Matthew 4:12-23 quotes the Isaiah text above to introduce Jesus’ own proclamation of the Kingdom: “A people living in darkness has seen a great light. On those who inhabit a land overshadowed by death light has arisen.”

To respond to the Good News is to welcome the light; to open our minds and hearts to it; to “reform our lives” by what it enables us to see.

Doesn’t it follow that the sign we really believe in the Good News, that we appreciate it — in short, that we have truly been “evangelized” — is that we continue to welcome the light, continue to open our minds to it through reading and reflection, through listening, discussions and prayer? Is it too trenchant to say that if we are not disciples — that is, students — of the mind and heart of Christ, we have never been evangelized? Even though we may have several years of Catholic education and go to Mass every Sunday?

Does this explain why four of the last popes have called for a “new evangelization”? Does it make it less surprising — in fact, make it almost a foregone conclusion — that a large percentage of those brought up as Christians will no longer “assemble” with the believers? Or that those baptized and committed as Catholics are deserting to “evangelical” churches who have less mystery to impart, but who give what they have with greater enthusiasm and joy?

In the light of this, would it sound radical to say that Jesus’ exhortation to “Reform your lives” in order to accept the Good News might be, for many of us, an either-or invitation to make reading and reflecting on the Bible a part of our daily life? An invitation extended which, if rejected, means we just won’t “enter into the kingdom of heaven”? By our own choice!

Let’s put our cards on the table. Is this the same as saying that if we don’t read the Bible we are going to Hell?

Some people might identify entering into the Kingdom with entering into heaven. That is not the intent of what is written here. It is not excluded that people can be “saved” without really experiencing the Good News, or even consciously knowing that they have heard it! But to really “enter the Kingdom” in its full sense means to encounter Jesus personally, to receive the “gift of the Holy Spirit,” to take on a whole new understanding and level of life, to experience the “love, joy and peace” that are the “fruit of the Spirit,” and to be filled with the zeal for spreading the Good News that characterized the life of the early Christians.

And it means to go beyond a religion of doctrines, rules and practices, no matter how conscientious we may be about them.

No one was more “orthodox” than the “chief priests and elders.” But Jesus said, “Not everyone who says to me, ‘Lord, Lord,’ will enter the kingdom of heaven.” These are the ones who are presented as opposing Jesus every time they are mentioned in the Gospels.

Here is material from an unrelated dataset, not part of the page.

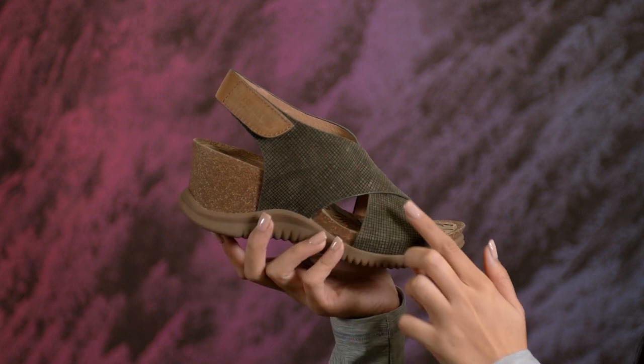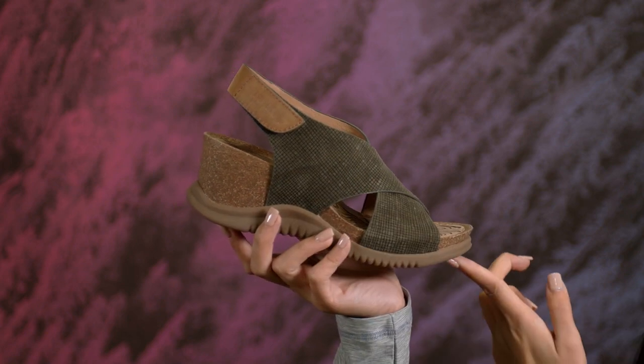I'm loving this foot-hugging criss-cross design, easy adjustable strap, and the grippy slip-resistant outsole.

No one was more law-observant than the Pharisees. But Jesus said, “I tell you, unless your righteousness exceeds that of the scribes and Pharisees, you will never enter the kingdom of heaven.”

No one had more prestige and political influence than the Sadducees, who were the “priestly aristocracy and their supporters,” including “the conservative class of landowners and merchants.” But Jesus warned his followers against them and may have had them in mind when he said, “I tell you, it is easier for a camel to go through the eye of a needle than for someone who is rich to enter the kingdom of God.”[3]

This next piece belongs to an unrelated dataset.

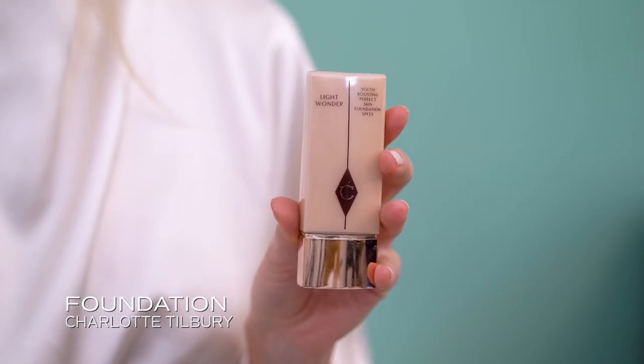Now I will continue with the foundation and there I use my favorite vegan and cruelty-free brand Charlotte Tilbury. I will just put on a bit and blend it into the skin. For me the foundation is a really important step, so I try to blend everything into the skin and also go over into the neck.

It does give us something to think about.


“To each person…”

On top of it all, even the most active religious people sometimes fight like cats and dogs. In 1Corinthians 1: 10-17 Paul appeals to the charismatic Corinthians “that all of you be in agreement and that there be no divisions among you, but that you be united in the same mind and the same purpose.” Scripture should unite us to Christ and one another, not divide.

Insight

Has anything written above changed your mind about Scripture reading?

Initiative:

Put your Bible on your pillow. Never go to sleep without reading at least one line.




[1] Hebrews 1:1-3; Revelation 21:6-7, 22:12-13; John 10:10, 17:3.
[2] Ephesians 3:19; Colossians 2:2.
[3] Matthew 5:20. 7:21, 16:1-12, 19:24. See McKenzie, Dictionary of the Bible, under “Sadducees.